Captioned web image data

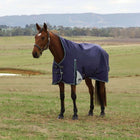 WeatherBeeta ComFiTec Plus Dynamic Turnout High Neck 220g Navy/Forest Green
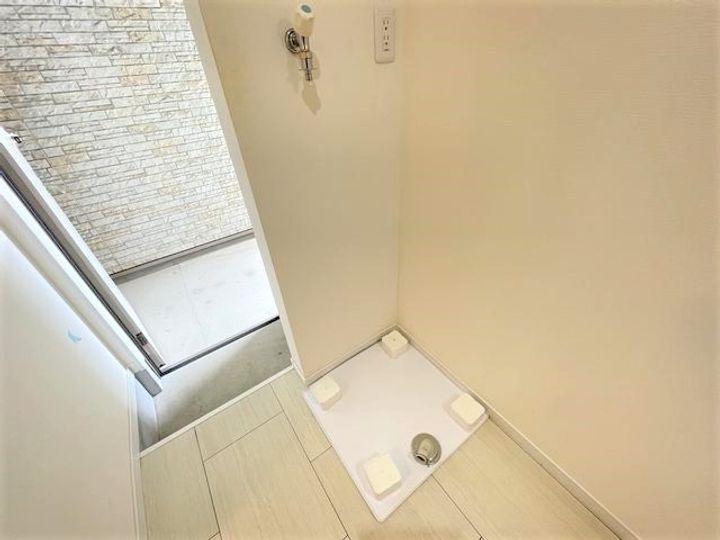 Regalo(レガロ)の玄関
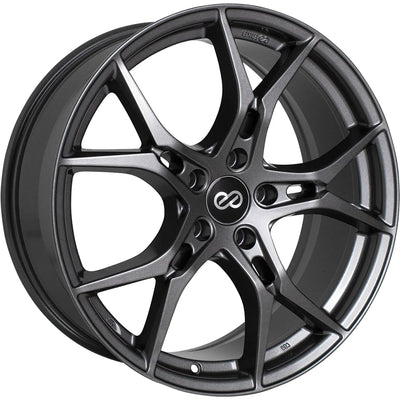 Enkei Vulcan Anthracite wheel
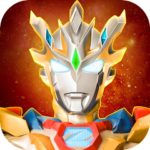 Ultraman Legend of Heroes Mod Apk Unlimited Money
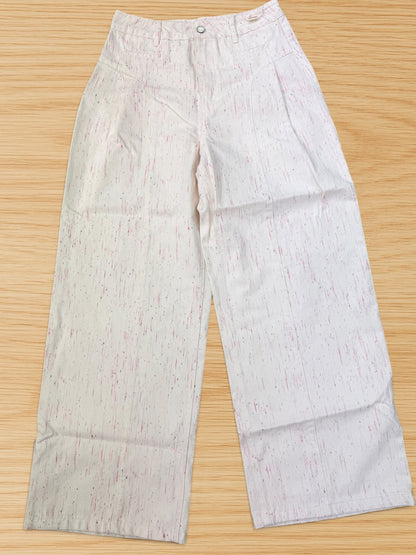 Pantalone schizzi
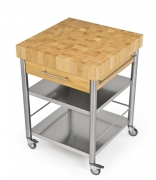 Jokodomus Kchenwagen, Auxilium, Weibuche Stirnholz, 693771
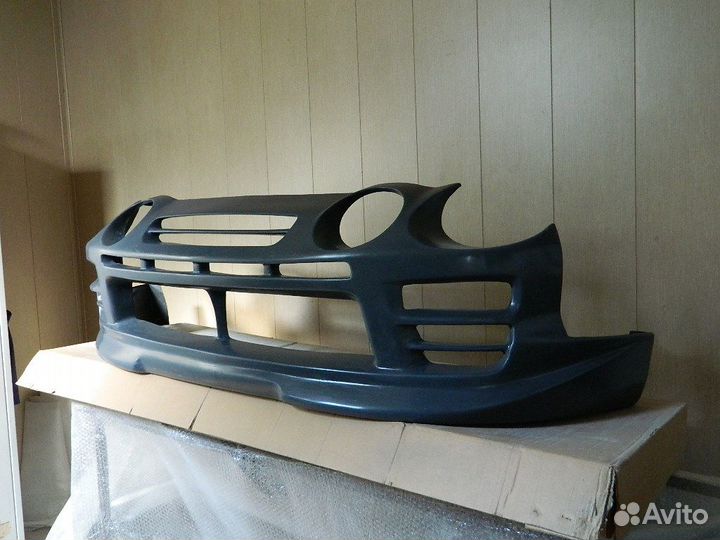 Бампер Целика (Celica) 200 Тюнинг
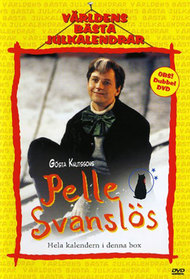 Pelle Svanslös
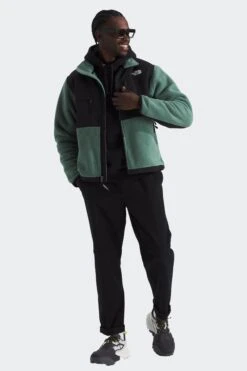 The North Face RETRO DENALI(Northface Mens Retro Denali_duck Green) -Sporty Fashion 01 tnf 0021 NF0A88XHHCH HERO2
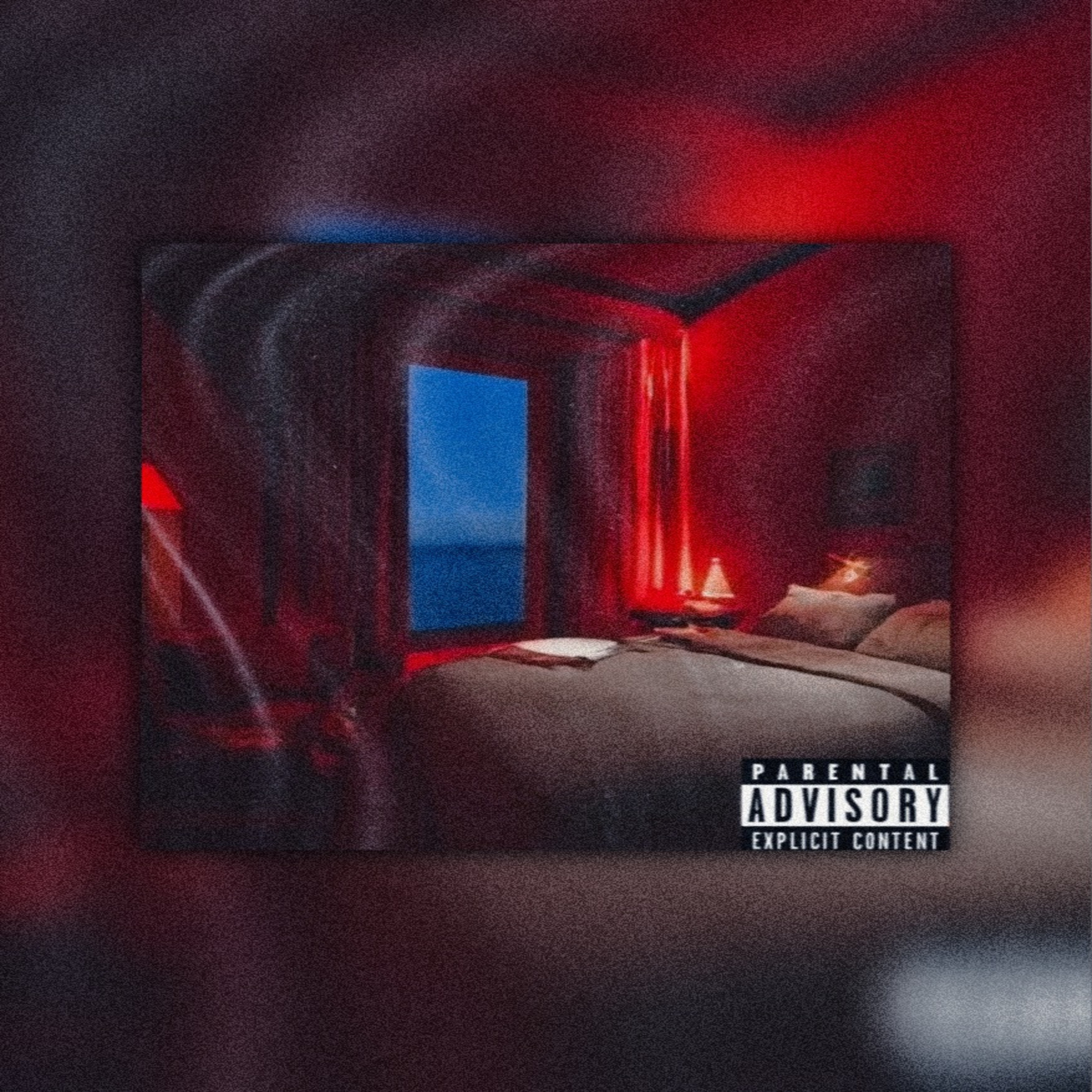 Hotel Room 205 artwork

What needs to be done: From the line that holds "The North Face" to the last line of the records, please copy each line exactly and nothing else. Pictures stay out.

Solution to the problem:
 The North Face RETRO DENALI(Northface Mens Retro Denali_duck Green) -Sporty Fashion 01 tnf 0021 NF0A88XHHCH HERO2
 Hotel Room 205 artwork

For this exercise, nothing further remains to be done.